ALLSSO (Antipolo Lady of Lourdes School Student Organization) 
ALLSSO is a student organization in the secondary level. It is aimed at developing the leadership skills of a students who wish to consolidate their efforts towards promoting student based activities that will benefit the entire school community.

All high school students from Grade 7 onwards are automatic members. Students go through a democratic process of electing a set of school leaders that will spearhead projects for the interest and benefit of the student body.
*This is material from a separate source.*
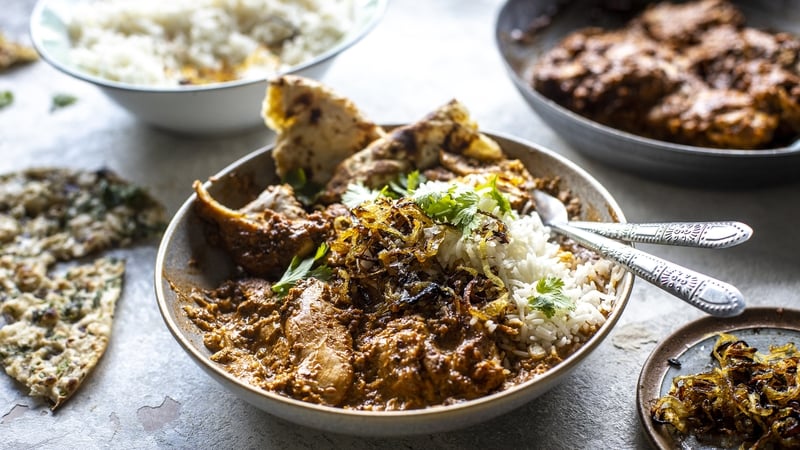 Watch Donal's Family Food in Minutes on RTÉ One, Wednesdays at 8:30pm.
An adviser shall be assigned to monitor the planning sessions and create implementing guidelines for the ALLSSO officers. The ALLSSO meets twice a month.

Art Club 
The Art Club is an organization aimed at developing students with skills in drawing, painting, sketching and designing. Members are given the chance to hone their talents by representing the school in off-campus competitions as well as help create back drops for school wide programs. Members of the Art Club will also be exposed to using computer graphics through soft wares that will enhance their creativity and imagination.

ALLS Varsity Team 
The ALLS Varsity Team comprises the basketball, volleyball, table tennis, badminton, chess. Interested members would need to undergo training and pass the try-outs given by the different coaches. Students who wish to join must have strong endurance, are physically fit and healthy and must obtain written permission from their parents. The team represent the school in inter-school sports competition.

ALLS Choir 
The ALLS Choir serves as an organization for students who love to sing to get together and learn. It gives musically inclined children to engage in school activities like programs and masses. It enables members to exercise their passion for singing and share their talents during school shows and special presentations.

ALLS Dance Club 
The ALLS Dance Club is an organization that caters to students who like to dance and perform. Students must audition for this group. This group will be tapped for special in-campus and off-campus shows. Members get together twice a month to practice and plan.